Aljucer é uma pequena cidade na região de Murcia, no sul da Espanha. Há doze anos, a comunidade local dos Focolares perguntou-se como poderia concretizar seu compromisso de viver a fraternidade e causar impacto no nível social desta cidade, imersa em uma área fértil e próxima ao Mar Mediterrâneo, onde não faltam emergências grandes e pequenas. O primeiro passo foi encontrar a maneira de implementar formas mais abertas e inclusivas de participação na vida da cidade. Para isso, em colaboração com outros grupos, criaram a associação cultural “ACLF Aljucer”. “A primeira experiência que tivemos como associação – dizem – foi reunir os vários prefeitos que administraram a cidade durante o período democrático espanhol. Não foi fácil fazer os convites, mas, no final, todos concordaram em participar. Eles tiveram a oportunidade de se apresentar, lembrar os tempos em que ocupavam seus cargos e, em alguns casos, de se reconciliar. No final, agradecendo-nos, eles nos encorajaram a continuar nesta linha”.
Essa experiência que deu origem a uma idéia: repetir reuniões todos os anos para aproximar políticos e cidadãos. Assim nasceram “Em Nossas Mãos” e “O Orador”. “O primeiro evento, agora em sua décima segunda edição – explicam – ocorre antes das eleições e oferece um ambiente sereno que promove o diálogo entre cidadãos e candidatos. No segundo evento, por outro lado, é escolhido um tema atual e é dada a palavra a políticos e cidadãos. As intervenções e propostas são coletadas, publicadas no site da Associação e oferecidas como uma contribuição à Câmara Municipal.
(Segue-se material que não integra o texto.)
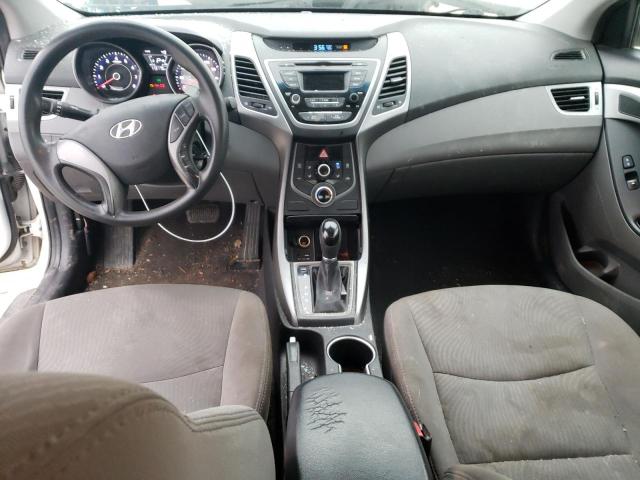 Photo 7 VIN: 5NPDH4AE6EH522749 - HYUNDAI ELANTRA SE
Alguns dos temas propostos foram estudados em profundidade e, a partir desta experiência, surgiu a idéia de um Centro Cultural sob o controle da Prefeitura, que agora está sendo realizado”. Outro campo de atividade da Associação é o cultural: concertos, apresentações de livros e exposições. E depois “Aljucereños”, um evento no qual personalidades da cultura, música, pintura, literatura, política, economia e medicina contam suas experiências de vida e as razões de suas escolhas. Com outras associações eles promovem uma reunião mensal e organizam uma Feira Anual de Associações.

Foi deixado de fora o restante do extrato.